Sui pendii ombreggiati: La neve vecchia con strati deboli persistenti richiede attenzione. Sui pendii molto ripidi esposti al sole: Con il rialzo termico, aumento del pericolo di valanghe di neve bagnata.

tutto il giorno vale pericolo valanghe moderato, dunque grado due.

tutto il giorno, al di sopra di 1800 metri, troviamo un problema di strati deboli persistenti. Soprattutto nelle esposizioni partendo da Ovest passando Nord e Est. Inoltre, tutto il giorno, troviamo un problema di neve bagnata. Soprattutto nelle esposizioni partendo da Sud-Est passando Sud e Sud-Ovest.

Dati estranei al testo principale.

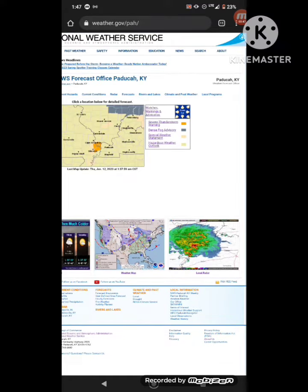Repeating, a severe thunderstorm warning has been issued until 2:30 a.m. for the following counties: Mississippi, Missouri, and the following counties in Illinois: Alexander, Massac, and Pulaski, and the following counties in Kentucky: Ballard, Carlisle, and McCracken.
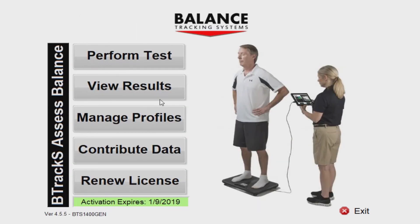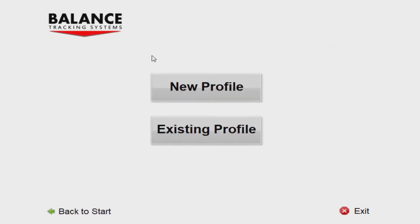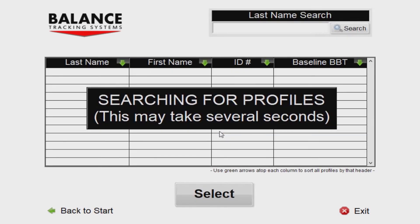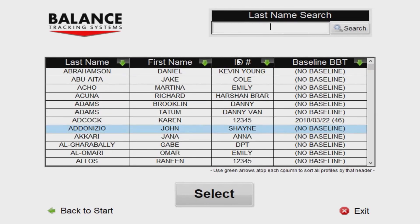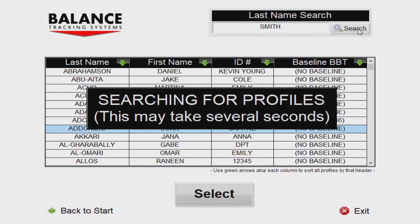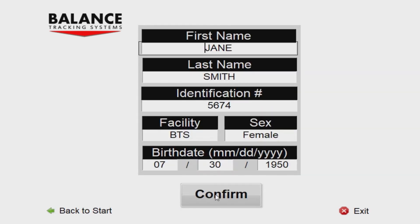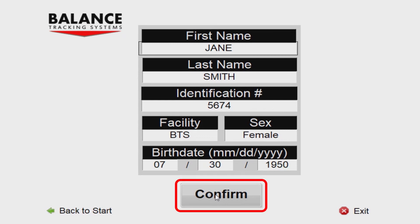Alternatively, if the person you are testing already exists in the system, press Existing Profile. This will take you to a menu where you can search and select the previously created profile. Find the person to be tested in the list and press Select when highlighted. On the next screen, make any necessary changes to the profile information. Press Confirm once everything is satisfactory.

Le valanghe possono subire un distacco nella neve vecchia e, sui pendii esposti a ovest, nord ed est, raggiungere dimensioni medie. Ciò da parte di un singolo appassionato di sport invernali, soprattutto al di sopra dei 1800 m circa. Nella zona di scorrimento le valanghe possono trascinare la neve bagnata. Ciò aumenta la distanza d'arresto delle valanghe. Con il rialzo termico e l'irradiazione solare diurni, sono possibili valanghe di neve bagnata a debole coesione di piccole e, a livello isolato, di medie dimensioni. Inoltre, principalmente nelle basi di pareti rocciose, sono possibili isolate valanghe di neve bagnata di piccole e medie dimensioni. Fare attenzione alle zone di deposito.

E ora il manto nevoso:

Negli ultimi giorni sono caduti da 15 a 25 cm di neve, localmente anche di più. Soprattutto sui pendii esposti a ovest, nord ed est, all'interno del manto di neve vecchia si trovano pronunciati strati fragili. L'irraggiamento notturno sarà ridotto. Nel corso della giornata le condizioni meteo causeranno un graduale impregnamento del manto nevoso. Ciò soprattutto sui pendii soleggiati molto ripidi.

Abbiamo i seguenti situazioni tipo: st.1: strato debole persistente basale, st.10: situazione primaverile.

La tendenza per martedì 24 febbraio 2026 indica un pericolo di valanghe stabile.

Buona giornata e non dimentichi di essere prudente!